NVIDIA Tesla M40 24GB GPU Accelerator (Maxwell GM200) Up Close

Eliot Eshelman

·

April 1, 2016

NVIDIA has announced a new version of their popular Tesla M40 GPU – one with 24GB of high-speed GDDR5 memory. The name hasn’t really changed – the new GPU is named NVIDIA Tesla M40 24GB. If you are curious about the original version with less memory, we have a detailed examination of the original M40 GPU.

As support for GPUs grows – particularly in the exploding fields of Machine Learning and Deep Learning – there has been increasing need for large quantities of GPU memory. The Tesla M40 24GB provides the most memory available to date in a single-GPU Tesla card.
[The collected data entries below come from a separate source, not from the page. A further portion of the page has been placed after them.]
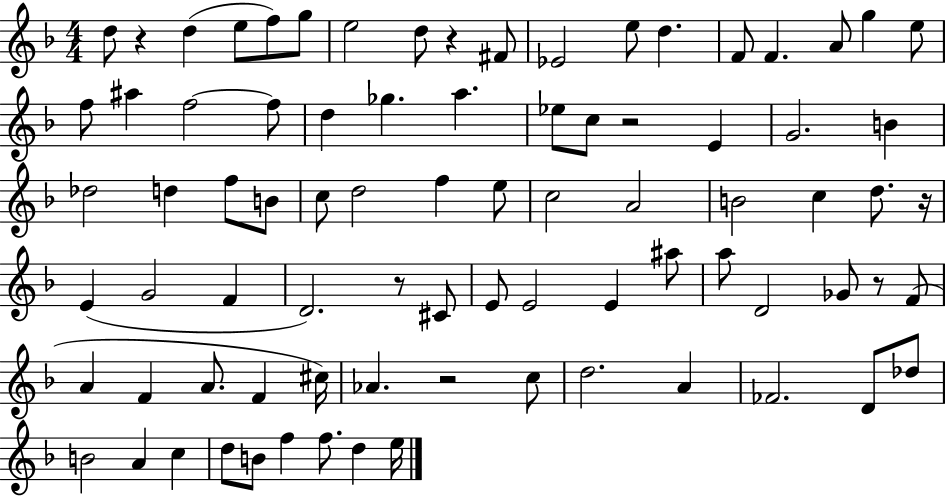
D5/e R/q D5/q E5/e F5/e G5/e E5/h D5/e R/q F#4/e Eb4/h E5/e D5/q. F4/e F4/q. A4/e G5/q E5/e F5/e A#5/q F5/h F5/e D5/q Gb5/q. A5/q. Eb5/e C5/e R/h E4/q G4/h. B4/q Db5/h D5/q F5/e B4/e C5/e D5/h F5/q E5/e C5/h A4/h B4/h C5/q D5/e. R/s E4/q G4/h F4/q D4/h. R/e C#4/e E4/e E4/h E4/q A#5/e A5/e D4/h Gb4/e R/e F4/e A4/q F4/q A4/e. F4/q C#5/s Ab4/q. R/h C5/e D5/h. A4/q FES4/h. D4/e Db5/e B4/h A4/q C5/q D5/e B4/e F5/q F5/e. D5/q E5/s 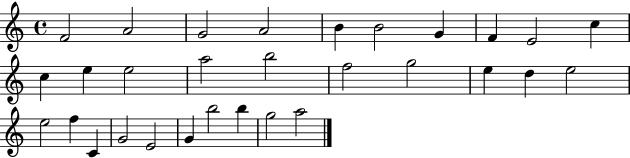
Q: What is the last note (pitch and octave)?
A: A5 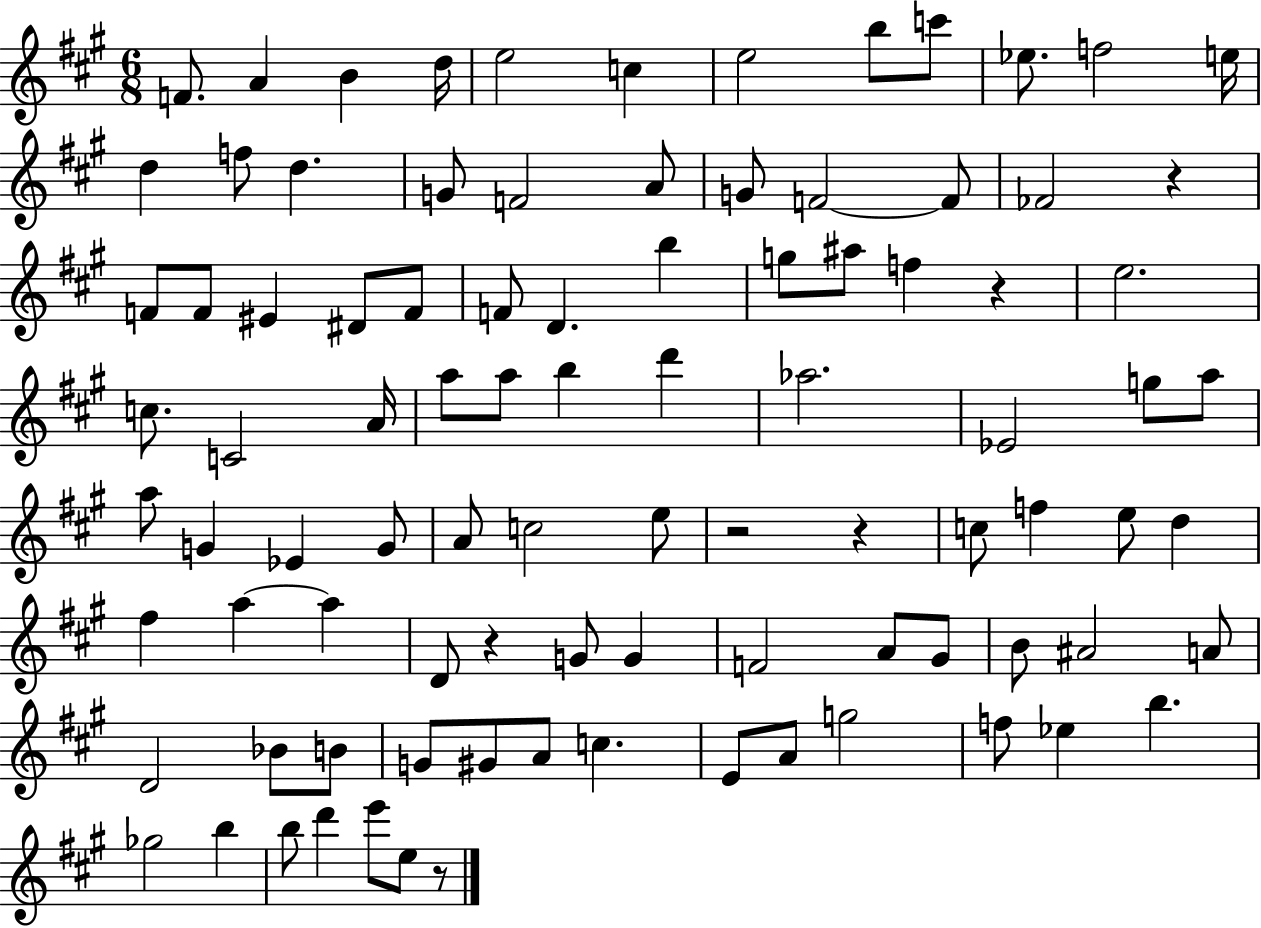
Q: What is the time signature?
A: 6/8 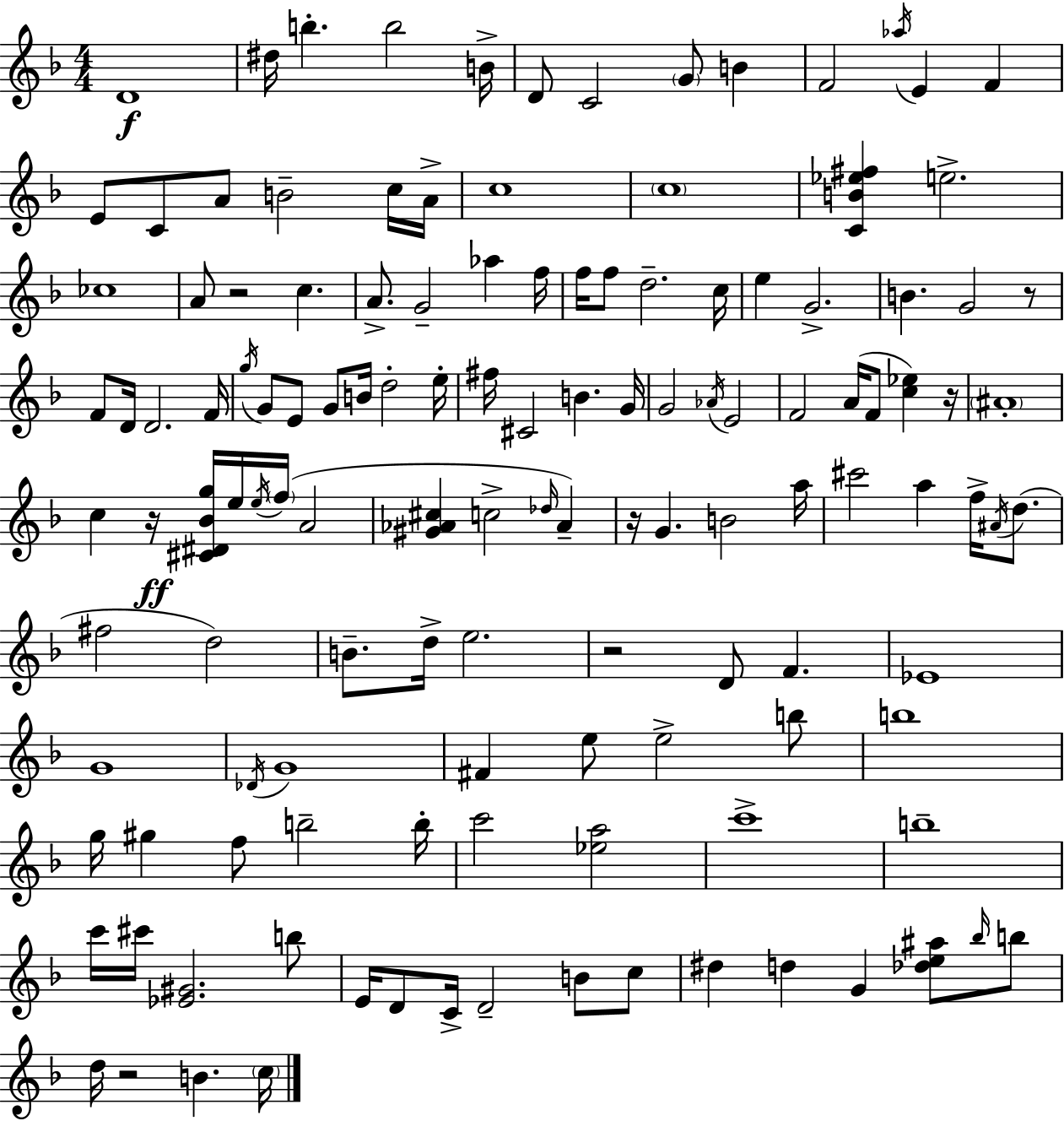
{
  \clef treble
  \numericTimeSignature
  \time 4/4
  \key d \minor
  d'1\f | dis''16 b''4.-. b''2 b'16-> | d'8 c'2 \parenthesize g'8 b'4 | f'2 \acciaccatura { aes''16 } e'4 f'4 | \break e'8 c'8 a'8 b'2-- c''16 | a'16-> c''1 | \parenthesize c''1 | <c' b' ees'' fis''>4 e''2.-> | \break ces''1 | a'8 r2 c''4. | a'8.-> g'2-- aes''4 | f''16 f''16 f''8 d''2.-- | \break c''16 e''4 g'2.-> | b'4. g'2 r8 | f'8 d'16 d'2. | f'16 \acciaccatura { g''16 } g'8 e'8 g'8 b'16 d''2-. | \break e''16-. fis''16 cis'2 b'4. | g'16 g'2 \acciaccatura { aes'16 } e'2 | f'2 a'16( f'8 <c'' ees''>4) | r16 \parenthesize ais'1-. | \break c''4 r16\ff <cis' dis' bes' g''>16 e''16 \acciaccatura { e''16 } \parenthesize f''16( a'2 | <gis' aes' cis''>4 c''2-> | \grace { des''16 }) aes'4-- r16 g'4. b'2 | a''16 cis'''2 a''4 | \break f''16-> \acciaccatura { ais'16 } d''8.( fis''2 d''2) | b'8.-- d''16-> e''2. | r2 d'8 | f'4. ees'1 | \break g'1 | \acciaccatura { des'16 } g'1 | fis'4 e''8 e''2-> | b''8 b''1 | \break g''16 gis''4 f''8 b''2-- | b''16-. c'''2 <ees'' a''>2 | c'''1-> | b''1-- | \break c'''16 cis'''16 <ees' gis'>2. | b''8 e'16 d'8 c'16-> d'2-- | b'8 c''8 dis''4 d''4 g'4 | <des'' e'' ais''>8 \grace { bes''16 } b''8 d''16 r2 | \break b'4. \parenthesize c''16 \bar "|."
} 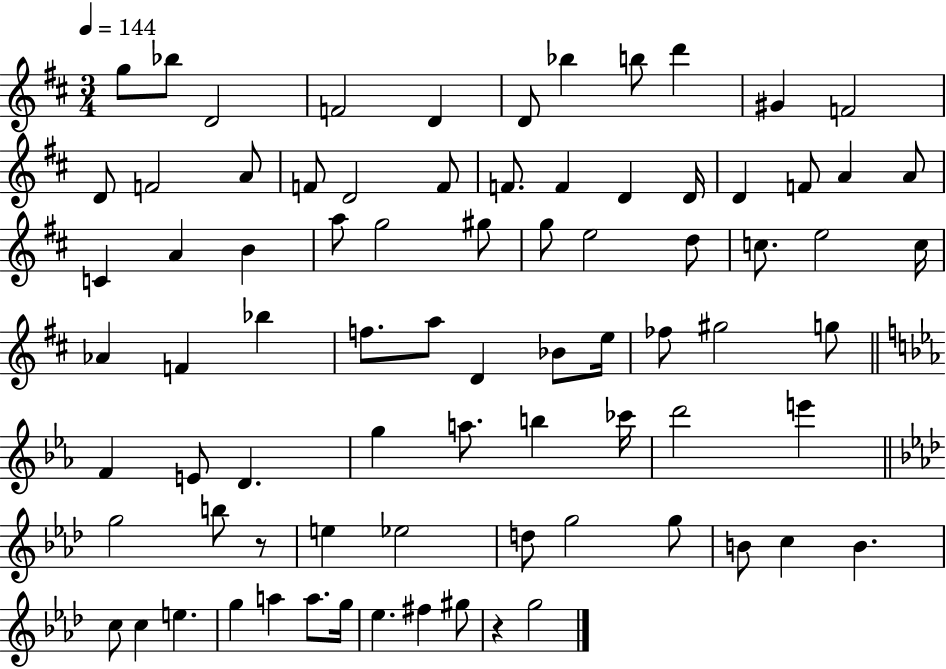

The remaining specifications of the new M40 match that of the original: 7 TFLOPS of single-precision floating point performance.

The Tesla M40 continues to be the only high-performance Tesla compute GPU based upon the “Maxwell” architecture. “Maxwell” provides excellent performance per watt, as evidenced by the fact that this GPU provides 7 TFLOPS within a 250W power envelope.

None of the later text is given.